DIRECTIONS:
Please copy out the entries until you have copied the line that contains "SC license plate YWE502", beginning with the first line.

-------- DATASET --------

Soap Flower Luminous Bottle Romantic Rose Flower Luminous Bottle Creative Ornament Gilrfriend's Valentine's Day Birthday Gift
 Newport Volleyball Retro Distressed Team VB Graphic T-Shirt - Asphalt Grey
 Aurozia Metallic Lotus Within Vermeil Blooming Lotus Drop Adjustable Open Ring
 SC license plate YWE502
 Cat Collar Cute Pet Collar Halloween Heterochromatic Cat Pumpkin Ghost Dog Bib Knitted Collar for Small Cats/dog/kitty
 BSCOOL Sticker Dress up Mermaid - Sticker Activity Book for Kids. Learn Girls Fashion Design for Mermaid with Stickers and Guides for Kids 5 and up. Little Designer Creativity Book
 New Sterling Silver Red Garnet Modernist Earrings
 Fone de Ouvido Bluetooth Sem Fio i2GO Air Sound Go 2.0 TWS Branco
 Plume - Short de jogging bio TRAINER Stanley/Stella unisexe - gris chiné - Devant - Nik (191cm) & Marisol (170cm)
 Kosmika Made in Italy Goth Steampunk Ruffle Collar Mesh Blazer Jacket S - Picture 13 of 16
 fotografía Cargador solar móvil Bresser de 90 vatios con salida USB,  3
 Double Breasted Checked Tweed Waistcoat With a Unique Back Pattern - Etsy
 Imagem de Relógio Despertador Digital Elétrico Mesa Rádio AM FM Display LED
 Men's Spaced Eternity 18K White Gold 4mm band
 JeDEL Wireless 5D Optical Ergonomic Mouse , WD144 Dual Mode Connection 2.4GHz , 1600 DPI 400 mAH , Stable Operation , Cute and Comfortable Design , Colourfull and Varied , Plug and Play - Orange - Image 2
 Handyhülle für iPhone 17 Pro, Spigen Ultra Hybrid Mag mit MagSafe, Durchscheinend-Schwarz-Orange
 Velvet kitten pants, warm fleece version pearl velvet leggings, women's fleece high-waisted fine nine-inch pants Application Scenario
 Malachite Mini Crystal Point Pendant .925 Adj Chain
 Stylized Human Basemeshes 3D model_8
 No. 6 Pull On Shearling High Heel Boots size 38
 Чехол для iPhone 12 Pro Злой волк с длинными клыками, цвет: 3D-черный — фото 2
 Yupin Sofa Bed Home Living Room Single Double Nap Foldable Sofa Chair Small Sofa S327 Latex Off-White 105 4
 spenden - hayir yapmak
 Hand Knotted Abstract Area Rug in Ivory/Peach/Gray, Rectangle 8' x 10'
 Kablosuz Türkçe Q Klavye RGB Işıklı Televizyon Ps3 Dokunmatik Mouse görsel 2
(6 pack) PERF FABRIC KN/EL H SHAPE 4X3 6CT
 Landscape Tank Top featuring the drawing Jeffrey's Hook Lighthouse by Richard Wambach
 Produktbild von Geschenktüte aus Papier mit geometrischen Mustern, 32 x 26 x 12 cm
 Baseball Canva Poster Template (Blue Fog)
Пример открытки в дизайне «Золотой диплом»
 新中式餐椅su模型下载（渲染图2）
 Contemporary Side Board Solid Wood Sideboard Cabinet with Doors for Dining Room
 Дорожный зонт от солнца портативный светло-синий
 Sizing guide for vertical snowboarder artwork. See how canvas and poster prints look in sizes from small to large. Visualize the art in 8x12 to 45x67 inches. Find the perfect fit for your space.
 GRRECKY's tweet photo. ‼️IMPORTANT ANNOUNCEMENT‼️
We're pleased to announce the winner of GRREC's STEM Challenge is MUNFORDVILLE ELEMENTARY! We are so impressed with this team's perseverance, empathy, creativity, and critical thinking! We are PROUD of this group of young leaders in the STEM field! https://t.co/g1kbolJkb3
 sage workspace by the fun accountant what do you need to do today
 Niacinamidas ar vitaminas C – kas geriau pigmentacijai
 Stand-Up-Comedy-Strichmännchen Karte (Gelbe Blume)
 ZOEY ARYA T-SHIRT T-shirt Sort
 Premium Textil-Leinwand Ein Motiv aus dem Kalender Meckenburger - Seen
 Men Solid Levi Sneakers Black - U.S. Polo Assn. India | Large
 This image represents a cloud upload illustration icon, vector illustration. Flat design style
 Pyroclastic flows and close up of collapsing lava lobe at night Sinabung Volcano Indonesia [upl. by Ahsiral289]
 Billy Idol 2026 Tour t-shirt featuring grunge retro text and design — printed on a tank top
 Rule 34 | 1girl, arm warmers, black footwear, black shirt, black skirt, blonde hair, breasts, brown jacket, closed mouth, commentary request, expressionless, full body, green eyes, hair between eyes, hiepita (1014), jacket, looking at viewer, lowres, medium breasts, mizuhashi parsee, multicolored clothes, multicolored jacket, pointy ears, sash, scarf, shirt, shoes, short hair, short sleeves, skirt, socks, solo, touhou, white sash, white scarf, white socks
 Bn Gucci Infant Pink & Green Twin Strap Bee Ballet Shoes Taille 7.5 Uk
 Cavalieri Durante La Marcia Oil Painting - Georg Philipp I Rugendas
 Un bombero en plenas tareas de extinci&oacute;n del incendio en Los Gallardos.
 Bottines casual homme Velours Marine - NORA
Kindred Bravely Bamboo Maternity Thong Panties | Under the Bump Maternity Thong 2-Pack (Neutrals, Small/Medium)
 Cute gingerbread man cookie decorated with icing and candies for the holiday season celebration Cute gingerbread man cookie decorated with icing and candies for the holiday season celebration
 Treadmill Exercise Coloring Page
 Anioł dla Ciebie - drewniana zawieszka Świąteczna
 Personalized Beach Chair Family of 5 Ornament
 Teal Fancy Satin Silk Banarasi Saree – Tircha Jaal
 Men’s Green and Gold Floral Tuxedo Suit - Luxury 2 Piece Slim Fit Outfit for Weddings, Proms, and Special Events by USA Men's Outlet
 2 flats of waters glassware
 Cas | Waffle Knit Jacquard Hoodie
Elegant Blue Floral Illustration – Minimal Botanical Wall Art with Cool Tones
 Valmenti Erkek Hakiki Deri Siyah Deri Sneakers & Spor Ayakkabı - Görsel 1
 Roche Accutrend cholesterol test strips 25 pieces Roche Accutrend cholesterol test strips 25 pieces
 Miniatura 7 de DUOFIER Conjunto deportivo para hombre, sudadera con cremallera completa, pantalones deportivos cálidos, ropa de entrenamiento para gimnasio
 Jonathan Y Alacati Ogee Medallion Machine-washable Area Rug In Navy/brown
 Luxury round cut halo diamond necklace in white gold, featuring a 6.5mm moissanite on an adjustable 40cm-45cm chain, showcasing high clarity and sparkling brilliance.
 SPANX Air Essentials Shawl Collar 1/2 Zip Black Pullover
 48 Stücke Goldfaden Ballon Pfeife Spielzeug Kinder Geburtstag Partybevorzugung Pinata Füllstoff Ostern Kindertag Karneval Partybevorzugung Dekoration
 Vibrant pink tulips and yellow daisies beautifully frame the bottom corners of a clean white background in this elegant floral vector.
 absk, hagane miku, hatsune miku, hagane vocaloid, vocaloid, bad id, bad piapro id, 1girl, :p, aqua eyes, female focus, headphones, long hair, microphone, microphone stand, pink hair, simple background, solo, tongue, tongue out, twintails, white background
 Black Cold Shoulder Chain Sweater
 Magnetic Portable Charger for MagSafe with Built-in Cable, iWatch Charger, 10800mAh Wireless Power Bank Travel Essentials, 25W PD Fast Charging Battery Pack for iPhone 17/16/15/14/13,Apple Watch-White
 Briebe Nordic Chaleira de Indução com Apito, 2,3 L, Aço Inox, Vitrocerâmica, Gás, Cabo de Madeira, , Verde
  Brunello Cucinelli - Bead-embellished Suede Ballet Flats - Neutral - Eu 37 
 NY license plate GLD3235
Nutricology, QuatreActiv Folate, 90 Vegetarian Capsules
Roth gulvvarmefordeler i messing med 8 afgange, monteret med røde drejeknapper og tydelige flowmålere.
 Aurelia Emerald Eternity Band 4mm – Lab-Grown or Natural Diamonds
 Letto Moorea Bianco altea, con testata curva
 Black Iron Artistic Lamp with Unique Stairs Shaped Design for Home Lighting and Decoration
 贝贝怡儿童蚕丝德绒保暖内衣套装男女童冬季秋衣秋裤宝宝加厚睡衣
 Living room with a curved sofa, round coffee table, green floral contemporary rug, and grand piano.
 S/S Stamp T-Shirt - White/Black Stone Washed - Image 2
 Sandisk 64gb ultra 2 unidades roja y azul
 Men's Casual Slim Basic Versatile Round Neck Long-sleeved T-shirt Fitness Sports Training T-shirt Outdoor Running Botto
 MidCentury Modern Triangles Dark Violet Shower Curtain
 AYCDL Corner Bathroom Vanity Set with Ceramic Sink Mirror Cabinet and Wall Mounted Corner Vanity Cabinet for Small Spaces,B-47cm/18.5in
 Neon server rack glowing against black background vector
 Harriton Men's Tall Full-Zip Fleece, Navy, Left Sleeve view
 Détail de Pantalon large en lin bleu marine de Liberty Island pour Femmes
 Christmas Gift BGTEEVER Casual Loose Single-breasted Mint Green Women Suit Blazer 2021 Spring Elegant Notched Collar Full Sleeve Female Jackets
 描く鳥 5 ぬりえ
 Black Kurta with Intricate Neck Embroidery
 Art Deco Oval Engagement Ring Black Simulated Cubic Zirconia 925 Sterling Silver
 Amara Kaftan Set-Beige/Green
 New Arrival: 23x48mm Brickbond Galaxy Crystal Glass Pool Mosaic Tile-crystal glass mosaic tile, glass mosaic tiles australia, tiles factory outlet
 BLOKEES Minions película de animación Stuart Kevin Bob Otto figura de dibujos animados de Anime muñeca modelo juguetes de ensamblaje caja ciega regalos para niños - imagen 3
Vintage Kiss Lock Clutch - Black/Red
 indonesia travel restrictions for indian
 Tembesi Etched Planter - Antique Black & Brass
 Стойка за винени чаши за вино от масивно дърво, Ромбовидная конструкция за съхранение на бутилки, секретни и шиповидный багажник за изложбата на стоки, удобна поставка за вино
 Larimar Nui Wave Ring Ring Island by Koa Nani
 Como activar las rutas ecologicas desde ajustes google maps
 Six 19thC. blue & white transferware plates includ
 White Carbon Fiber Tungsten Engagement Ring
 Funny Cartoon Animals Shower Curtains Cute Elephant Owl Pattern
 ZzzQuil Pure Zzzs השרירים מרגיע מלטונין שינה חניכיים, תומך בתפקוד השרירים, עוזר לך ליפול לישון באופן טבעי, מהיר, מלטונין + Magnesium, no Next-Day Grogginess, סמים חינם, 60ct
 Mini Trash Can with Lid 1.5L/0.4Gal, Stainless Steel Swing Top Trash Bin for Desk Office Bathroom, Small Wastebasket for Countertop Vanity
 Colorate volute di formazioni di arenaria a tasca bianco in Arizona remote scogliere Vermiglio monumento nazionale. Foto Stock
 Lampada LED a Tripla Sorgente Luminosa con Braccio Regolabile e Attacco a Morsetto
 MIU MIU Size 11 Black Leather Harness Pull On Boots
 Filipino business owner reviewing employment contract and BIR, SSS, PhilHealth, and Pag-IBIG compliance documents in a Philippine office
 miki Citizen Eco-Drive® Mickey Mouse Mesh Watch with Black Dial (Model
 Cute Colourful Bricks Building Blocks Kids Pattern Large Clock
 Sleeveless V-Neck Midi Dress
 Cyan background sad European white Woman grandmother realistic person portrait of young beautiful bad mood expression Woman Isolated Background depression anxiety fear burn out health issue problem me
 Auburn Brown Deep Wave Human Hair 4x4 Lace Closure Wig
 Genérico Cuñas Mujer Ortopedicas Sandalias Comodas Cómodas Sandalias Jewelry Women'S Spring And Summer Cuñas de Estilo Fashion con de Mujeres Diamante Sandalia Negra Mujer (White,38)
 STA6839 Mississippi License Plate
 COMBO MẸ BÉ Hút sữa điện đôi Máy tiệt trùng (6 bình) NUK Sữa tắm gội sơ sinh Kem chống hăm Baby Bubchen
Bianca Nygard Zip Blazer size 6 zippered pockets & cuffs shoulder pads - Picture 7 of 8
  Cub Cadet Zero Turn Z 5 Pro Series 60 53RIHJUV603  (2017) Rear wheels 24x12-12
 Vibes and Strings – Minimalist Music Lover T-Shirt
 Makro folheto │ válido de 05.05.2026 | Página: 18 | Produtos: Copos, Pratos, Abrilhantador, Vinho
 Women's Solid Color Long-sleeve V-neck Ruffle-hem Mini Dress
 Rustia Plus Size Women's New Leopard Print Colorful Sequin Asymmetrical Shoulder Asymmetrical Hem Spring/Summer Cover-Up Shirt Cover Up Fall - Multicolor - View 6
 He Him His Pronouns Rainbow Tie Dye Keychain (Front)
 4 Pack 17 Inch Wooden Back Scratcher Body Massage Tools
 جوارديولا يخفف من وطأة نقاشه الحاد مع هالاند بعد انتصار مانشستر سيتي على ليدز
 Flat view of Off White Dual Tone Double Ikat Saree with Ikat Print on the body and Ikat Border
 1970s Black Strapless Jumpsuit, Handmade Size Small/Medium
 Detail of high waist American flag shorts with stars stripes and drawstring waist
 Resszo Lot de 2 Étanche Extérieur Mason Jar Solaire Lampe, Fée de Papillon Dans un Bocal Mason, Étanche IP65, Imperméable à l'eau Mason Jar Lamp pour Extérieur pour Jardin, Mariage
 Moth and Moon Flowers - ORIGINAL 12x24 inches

--------

REPLY:
Soap Flower Luminous Bottle Romantic Rose Flower Luminous Bottle Creative Ornament Gilrfriend's Valentine's Day Birthday Gift
 Newport Volleyball Retro Distressed Team VB Graphic T-Shirt - Asphalt Grey
 Aurozia Metallic Lotus Within Vermeil Blooming Lotus Drop Adjustable Open Ring
 SC license plate YWE502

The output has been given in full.